Each line below is to be copied exactly as it appears.

[Opening Records shown section]

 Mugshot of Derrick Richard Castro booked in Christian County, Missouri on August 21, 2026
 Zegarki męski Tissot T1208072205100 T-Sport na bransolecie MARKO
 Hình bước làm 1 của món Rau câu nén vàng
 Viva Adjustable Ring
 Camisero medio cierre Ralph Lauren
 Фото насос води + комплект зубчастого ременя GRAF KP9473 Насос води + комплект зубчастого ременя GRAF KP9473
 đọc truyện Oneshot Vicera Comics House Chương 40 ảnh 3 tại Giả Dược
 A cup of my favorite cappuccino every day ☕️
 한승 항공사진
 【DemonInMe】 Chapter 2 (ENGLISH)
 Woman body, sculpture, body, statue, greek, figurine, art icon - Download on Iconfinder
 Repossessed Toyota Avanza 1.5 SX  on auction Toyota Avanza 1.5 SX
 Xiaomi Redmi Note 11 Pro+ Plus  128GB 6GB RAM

[Closing Records shown section]

_Exercise response_
 Mugshot of Derrick Richard Castro booked in Christian County, Missouri on August 21, 2026
 Zegarki męski Tissot T1208072205100 T-Sport na bransolecie MARKO
 Hình bước làm 1 của món Rau câu nén vàng
 Viva Adjustable Ring
 Camisero medio cierre Ralph Lauren
 Фото насос води + комплект зубчастого ременя GRAF KP9473 Насос води + комплект зубчастого ременя GRAF KP9473
 đọc truyện Oneshot Vicera Comics House Chương 40 ảnh 3 tại Giả Dược
 A cup of my favorite cappuccino every day ☕️
 한승 항공사진
 【DemonInMe】 Chapter 2 (ENGLISH)
 Woman body, sculpture, body, statue, greek, figurine, art icon - Download on Iconfinder
 Repossessed Toyota Avanza 1.5 SX  on auction Toyota Avanza 1.5 SX
 Xiaomi Redmi Note 11 Pro+ Plus  128GB 6GB RAM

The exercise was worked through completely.